Шрифт:
Интервал:
Закладка:
Есть, однако, и иные вопросы, не менее серьезные. Например: отношение к традиции и отношение к новаторству.
М.Мокеев творит свободно. И это прекрасно. Однако качестве проявляемой им свободы таково, что невольно заставляет вспомнить слова Сальвадора Дали о том, что в иных случаях "свобода... есть органическая неспособность обрести форму, сама аморфность". Режиссер издевается над старым искусством, над традицией и, видимо, у неге возникает иллюзия, что он сам творит правила своей постановки, хотя на самом деле он находится в зависимости от своей "рабской ярости" пс отношению к традиции, "скован своим новаторством". Потому что, строго говоря, без традиции, этой "живой крови реальности" (С. Дали), невозможны никакое новаторство и никакая свобода.
Именно агрессивную издевку над старым искусством Ортега-и-Гассет отмечал как одну из характерных черт эстетизма 20-х годов, добавляя при этом, что помимо, как он выразился, "кощунственных ингредиентов" в нем обнаруживается "подозрительная симпатия... к искусству первобытному и варварской экзотике". Эта "кощунственность" в высшей степени свойственна работе другого молодого режиссера-"авангардиета" Александра Пономарева "Кругом возможно бог".
В спектакле театра "Чет-нечет" делается парадоксальная попытка слить богохульство с богоискательством, божественную литургию и "дурацкую мессу", неопровержимо доказать, что мы и в самом деле находимся в "постидеологическом" пространстве, что абсурдизм является поистине "патентованным средством" для ухода от надоевших проблем и форм жизни. После того как, воспользовавшись текстом Александра Введенского, нас энергично и довольно долго убеждают в том, что мир изъеден цинизмом и лишен логики, что, говоря откровенно, человек обречен, нас, не давая нам, что называется, перевести дыхания, начинают с удвоенной энергией убеждать с помощью текста Николая Еврей-нова, что и театр обречен, ничего не может противопоставить хаосу и распаду и сам, по сути, является хаосом и распадом.

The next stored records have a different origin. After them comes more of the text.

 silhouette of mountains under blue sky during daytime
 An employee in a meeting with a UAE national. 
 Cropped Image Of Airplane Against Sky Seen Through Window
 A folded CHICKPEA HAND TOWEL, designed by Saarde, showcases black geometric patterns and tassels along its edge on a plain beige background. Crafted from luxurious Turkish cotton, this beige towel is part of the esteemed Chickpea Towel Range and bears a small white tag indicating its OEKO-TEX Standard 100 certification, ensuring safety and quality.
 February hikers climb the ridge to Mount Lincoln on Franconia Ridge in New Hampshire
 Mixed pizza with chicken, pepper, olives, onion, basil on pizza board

Перед зрителем, однако, возникает вовсе не "насмешка горькая обманутого сына над промотавшимся отцом", отлившаяся в форму театральной постановки, что было бы еще понятно в контексте нашего времени, в том числе — театрального. Это такой "лихой" театральный "капустник", переливающийся всеми оттенками поверхностного пластического гротеска, доставляющий, судя по всему, несказанное удовольствие всем тем, кто принимает в нем участие. Они играют в театр, как малые дети в технический конструктор, — увлеченно соображают, что куда вставить и что с чем свинтить, не слишком помышляя о том, что же существует вокруг спектакля, что останется в памяти зрителей после него...

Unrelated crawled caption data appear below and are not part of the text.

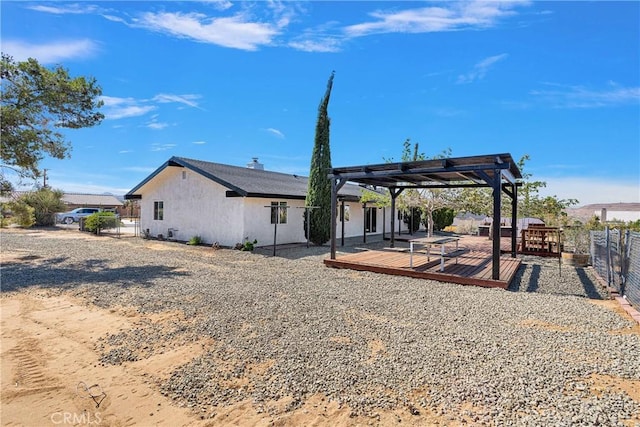 7495 Balsa Ave, Yucca Valley, CA 92284 - back of property featuring a pergola, a deck, and a fenced backyard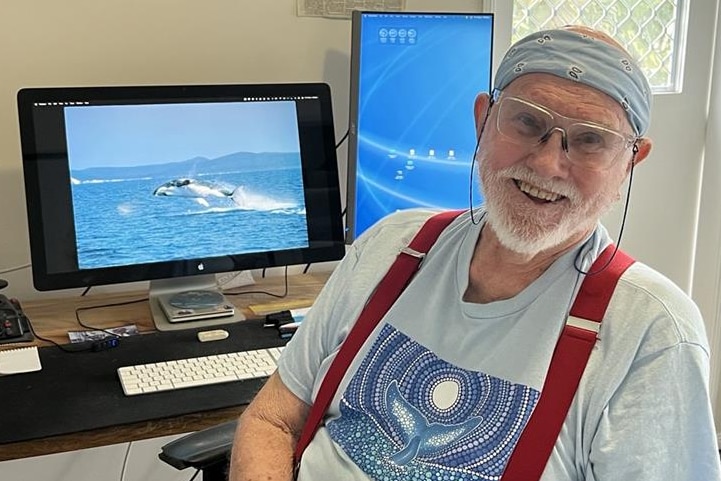An older man at a computer screen.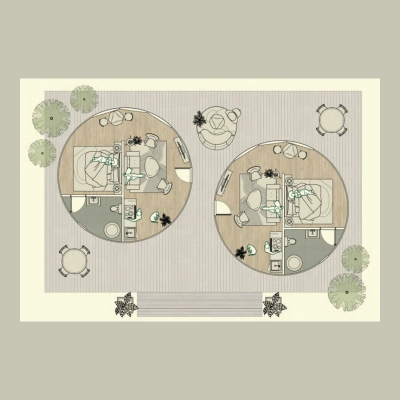 Architectural floor plan showing two circular living spaces with furniture layout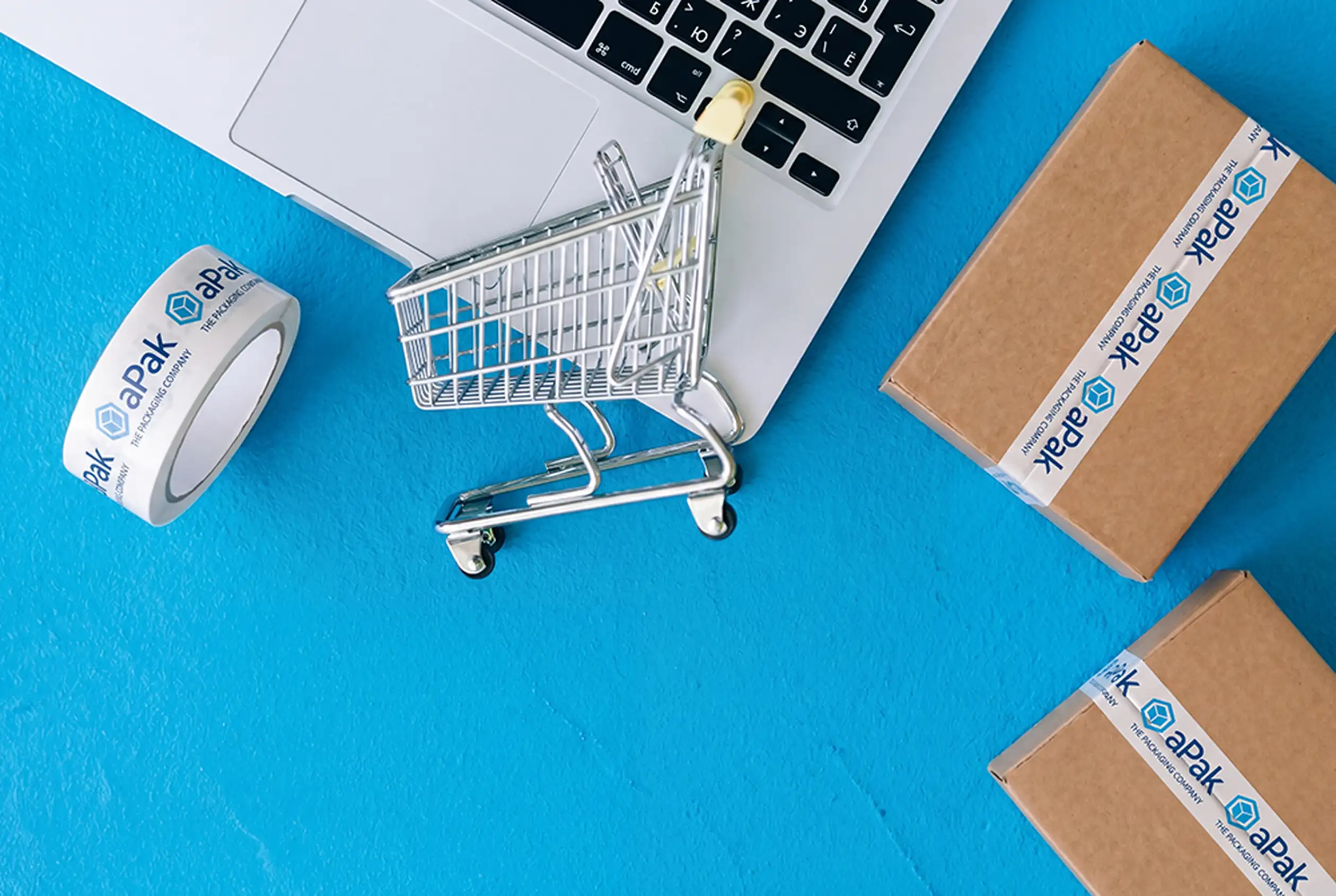 A laptop, mini shopping cart, roll of branded tape, and cardboard boxes on a blue surface, representing online shopping and packaging.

Этот творческий инфантилизм, помноженный на очевидное самодовольство, удивительным образом сочетается с художественным косноязычием, вовсе, видимо, не случайным и у этого театра, и у этого направления. Разумеется, можно сколько угодно ссылаться на "русский авангард" и на "цепочку", восходящую от Крученых— к Хармсу, от Хармса— к Хлебникову и так далее. Только в данном случае, если и удается усмотреть какую-то преемственность по отношению к предшественникам, то она прежде всего проявляется в "распаде" и сокрушении души, которая, если воспользоваться выражением Георгия Иванова, "разучилась говорить... Она судорожно мычит, как глухонемая, делает безобразные гримасы". "На холмы Грузии легла ночная мгла", — хочет она звонко, торжественно произнести, славя Творца и себя. И с отвращением, похожим на наслаждение, бормочет матерную брань с метафизического забора, какое-то "дыр бушил убещур"...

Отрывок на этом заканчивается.